Aria condizionata vietata in auto: quando si rischia la multa?


Alla vigilia dell’estate e con temperature record già a maggio, l’aria condizionata in auto è assolutamente imprescindibile.

Una compagna fedele per i viaggi più e meno lunghi. L’aria condizionata non può proprio mancare, soprattutto per i più calorosi.

Non solo: in concomitanza con il famoso (e tanto odiato) esodo estivo, quando si formano lunghe code sotto il sole, rinfrescare l’abitacolo con un po’ d’aria fresca è fondamentale. Tuttavia, è bene conoscere alcune regole spesso date per scontato e sconosciute ai più.

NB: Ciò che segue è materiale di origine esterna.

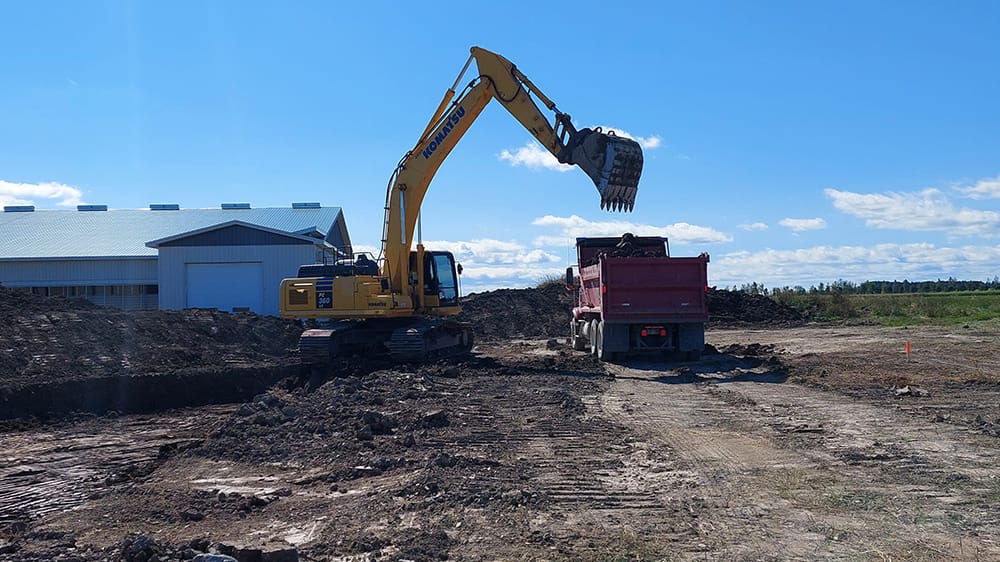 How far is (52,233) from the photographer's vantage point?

Ci sono momenti, infatti, in cui l’aria condizionata in auto è vietata. Le multe in caso di violazione sono salatissime.

Quando deve essere tenuta spenta

Il codice della strada vieta l’uso dell’aria condizionata quando l’auto è in sosta.

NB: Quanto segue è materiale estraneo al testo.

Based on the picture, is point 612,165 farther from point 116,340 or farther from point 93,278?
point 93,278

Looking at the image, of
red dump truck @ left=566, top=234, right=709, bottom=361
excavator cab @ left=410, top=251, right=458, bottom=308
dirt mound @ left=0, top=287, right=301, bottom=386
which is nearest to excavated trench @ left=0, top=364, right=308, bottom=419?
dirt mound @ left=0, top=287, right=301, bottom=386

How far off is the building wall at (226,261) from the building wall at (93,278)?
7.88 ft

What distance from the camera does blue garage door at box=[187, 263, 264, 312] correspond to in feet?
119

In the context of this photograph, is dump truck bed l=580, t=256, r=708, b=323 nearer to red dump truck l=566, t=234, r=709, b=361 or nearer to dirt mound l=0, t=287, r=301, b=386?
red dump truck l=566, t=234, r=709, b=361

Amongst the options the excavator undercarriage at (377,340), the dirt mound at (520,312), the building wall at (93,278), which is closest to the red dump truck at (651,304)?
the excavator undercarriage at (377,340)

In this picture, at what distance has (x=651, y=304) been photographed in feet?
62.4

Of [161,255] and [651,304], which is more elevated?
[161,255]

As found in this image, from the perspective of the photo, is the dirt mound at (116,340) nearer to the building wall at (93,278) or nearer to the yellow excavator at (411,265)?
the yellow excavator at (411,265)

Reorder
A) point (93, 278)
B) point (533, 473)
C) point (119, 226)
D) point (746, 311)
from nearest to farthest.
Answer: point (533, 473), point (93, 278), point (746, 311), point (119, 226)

La norma è stata introdotta nel 2007, quando il codice della strada è stato parzialmente modificato ed è stato introdotto anche il comma 7 bis all’articolo 157, secondo cui: “È fatto divieto di tenere il motore acceso, durante la sosta del veicolo, allo scopo di mantenere in funzione l’impianto di condizionamento d’aria nel veicolo”.

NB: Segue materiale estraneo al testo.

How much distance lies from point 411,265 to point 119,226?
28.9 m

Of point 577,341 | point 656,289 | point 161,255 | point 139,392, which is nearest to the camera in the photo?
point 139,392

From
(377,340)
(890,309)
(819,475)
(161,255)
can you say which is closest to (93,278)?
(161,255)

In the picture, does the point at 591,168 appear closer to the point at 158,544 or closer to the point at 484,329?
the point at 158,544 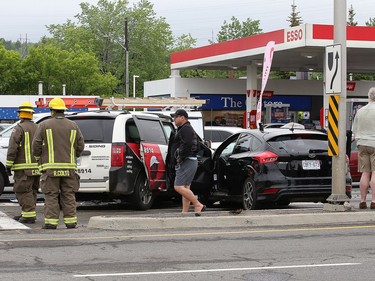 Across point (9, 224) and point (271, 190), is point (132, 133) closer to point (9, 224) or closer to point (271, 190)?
point (271, 190)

Tale divieto persegue un obiettivo ben preciso: ridurre le emissioni ambientali dei gas di scarico dei veicoli. Lo stesso avviene in altre città europee, come Madrid e Londra.

Nel 2014 una successiva riforma ha stabilito l’importo delle sanzioni amministrative per i trasgressori: dall’1 gennaio 2015, chi non spegne il motore per tenere l’aria condizionata durante la sosta rischia da 223 a 444 euro di multa.